Well it turns out that my husband is the type who can bring home the bacon, fry it up in a pan, and never let you forget he’s a man. That’s right, he dumps his clothes in piles on the floor, tracks mud through the house, and emits horrifying sounds and smells within close range. He’s never cleaned a toilet, sent a Christmas card, or willingly gone out dancing. But so what?

I know some of my friends are jealous that he can cook a great meal, that he drives our daughter to school at 7 a.m., that he helps put the kids to bed. And they should be. But the best part is that this man is committed to me and to these kids for life, and in light of all that, his faults are miniscule. I’m just glad he isn’t listing my faults right now, and the nice thing is, I know he won’t.

My husband and I sadly waved goodbye and blew kisses to each other today as he left for a week’s worth of meetings in California . I came back inside the house to our two children squabbling over some insignificant toy, and I snapped at them. Already we were dreading the week without his presence.
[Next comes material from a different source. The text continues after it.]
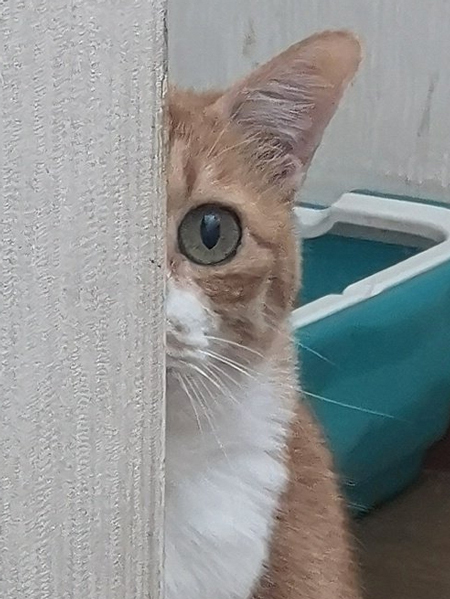 こうなった猫アップ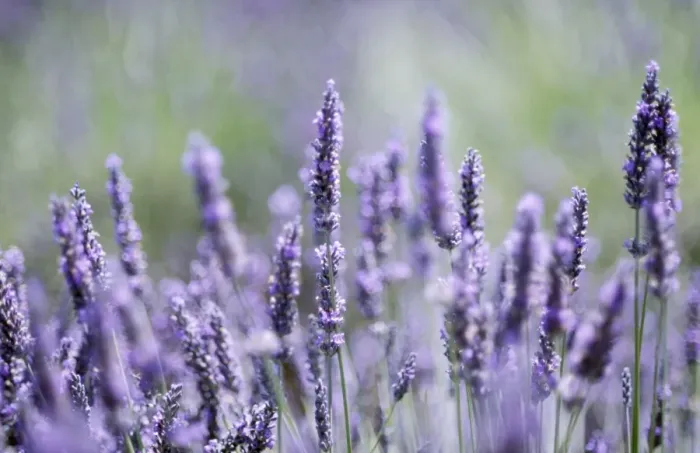 Framed Print : Lavender FRR 318 © Frederic Rolland ARDEA LONDON Framed Print : Lavender FRR 318 © Frederic Rolland ARDEA LONDON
So when a team of scientists manages to make a baby without any sperm, does this really mean that men aren’t necessary anymore?  Perhaps in some highly limited technical sense this might be true, but not in the real world. And it’s definitely not true in mine.
___________________________
Erin McRae holds an MA in creative writing from the University of Texas, where she studied under and edited a book for James Michener. Her essays, articles and music reviews have appeared in various publications. She's worked as a writing instructor, a dropout prevention counselor, a radio announcer, a band promoter and an investment banker. Of all her many lives, her favorite is the one she's living now with her husband and two kids in suburban Austin.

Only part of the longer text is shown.